Start of LISTED ENTRIES

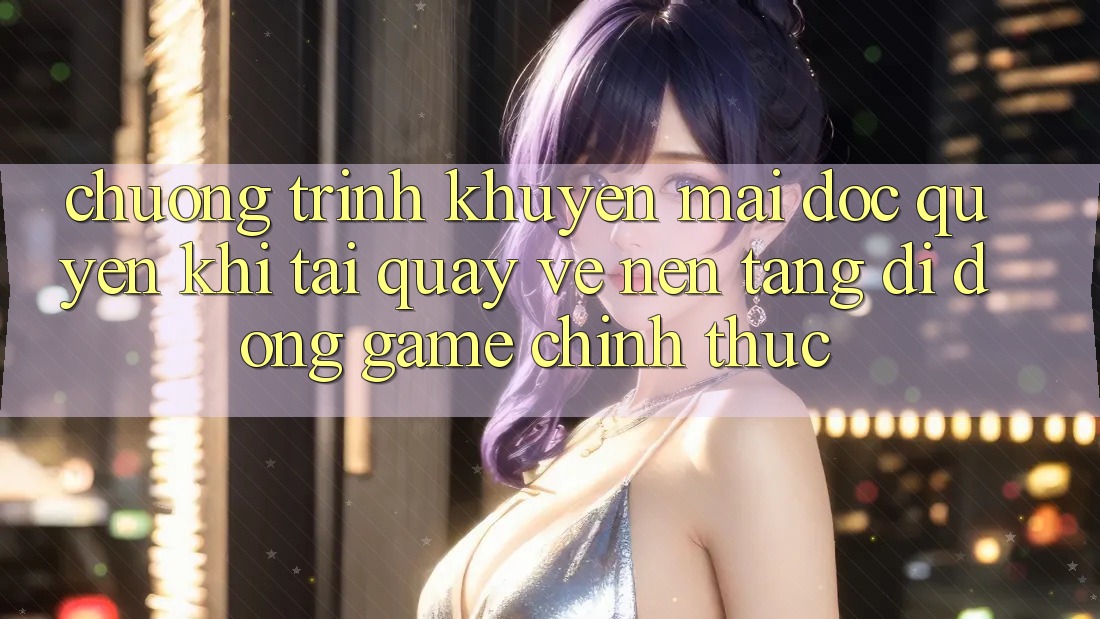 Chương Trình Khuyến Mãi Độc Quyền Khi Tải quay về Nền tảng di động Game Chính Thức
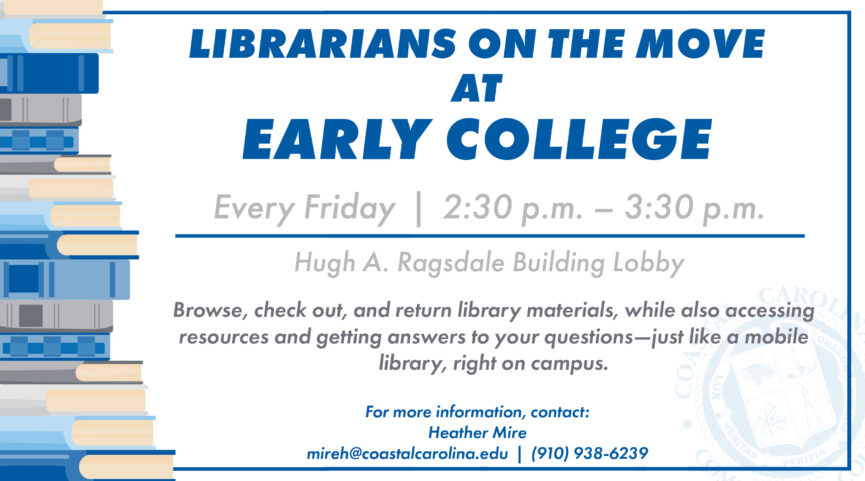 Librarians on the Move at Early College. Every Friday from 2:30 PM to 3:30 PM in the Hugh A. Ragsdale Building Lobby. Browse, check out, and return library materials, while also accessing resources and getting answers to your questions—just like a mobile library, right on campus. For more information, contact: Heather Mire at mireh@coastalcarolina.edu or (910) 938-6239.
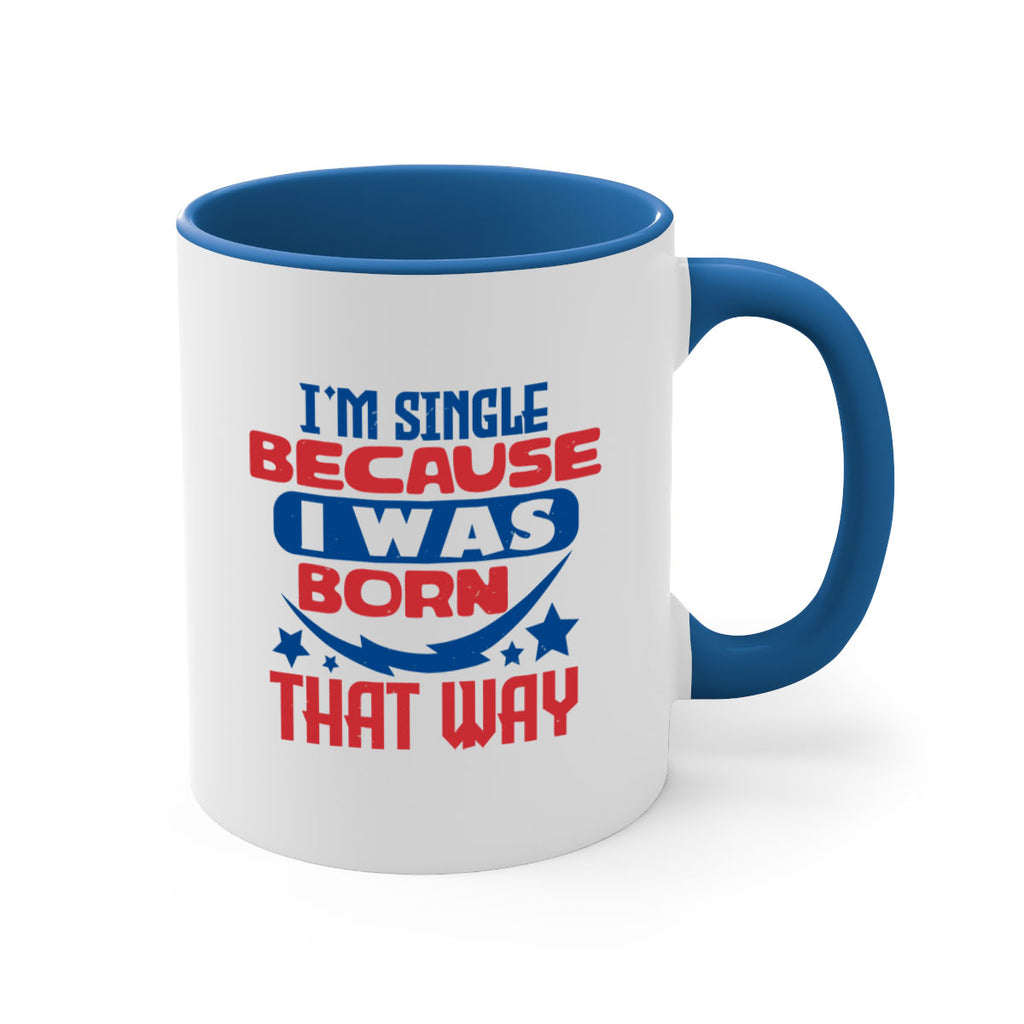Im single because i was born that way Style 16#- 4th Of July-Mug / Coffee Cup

End of LISTED ENTRIES
Start of LISTED ENTRIES

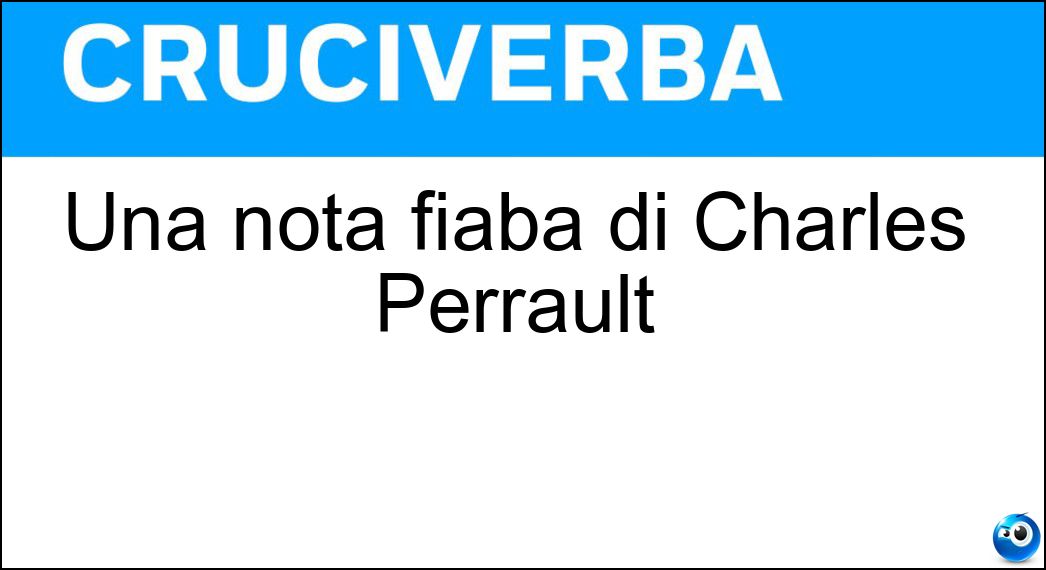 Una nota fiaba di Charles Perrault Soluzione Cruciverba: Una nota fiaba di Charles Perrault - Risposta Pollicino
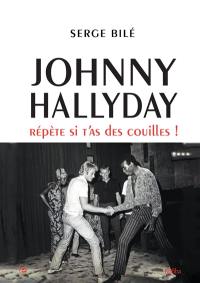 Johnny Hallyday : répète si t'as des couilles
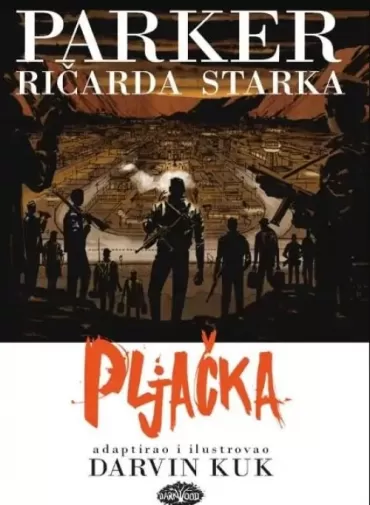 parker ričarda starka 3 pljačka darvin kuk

End of LISTED ENTRIES
Start of LISTED ENTRIES

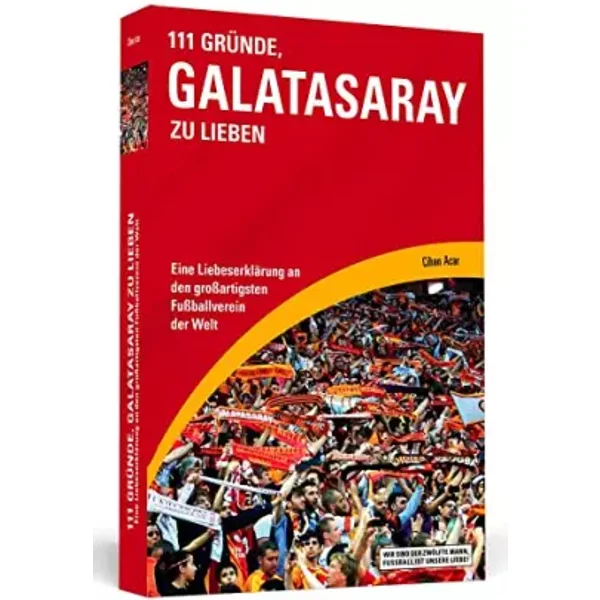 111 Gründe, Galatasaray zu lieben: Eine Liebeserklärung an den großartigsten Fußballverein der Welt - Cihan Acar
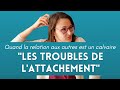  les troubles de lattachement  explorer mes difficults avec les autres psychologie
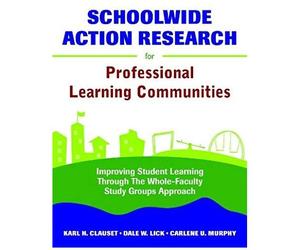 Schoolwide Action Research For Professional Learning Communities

End of LISTED ENTRIES

### PROBLEM TO SOLVE:
Taking the material above, give again exactly the lines from the one holding "Librarians on the" through the one holding "Im single because", with both ends and without pictures.

### WORKED SOLUTION:
 Librarians on the Move at Early College. Every Friday from 2:30 PM to 3:30 PM in the Hugh A. Ragsdale Building Lobby. Browse, check out, and return library materials, while also accessing resources and getting answers to your questions—just like a mobile library, right on campus. For more information, contact: Heather Mire at mireh@coastalcarolina.edu or (910) 938-6239.
Im single because i was born that way Style 16#- 4th Of July-Mug / Coffee Cup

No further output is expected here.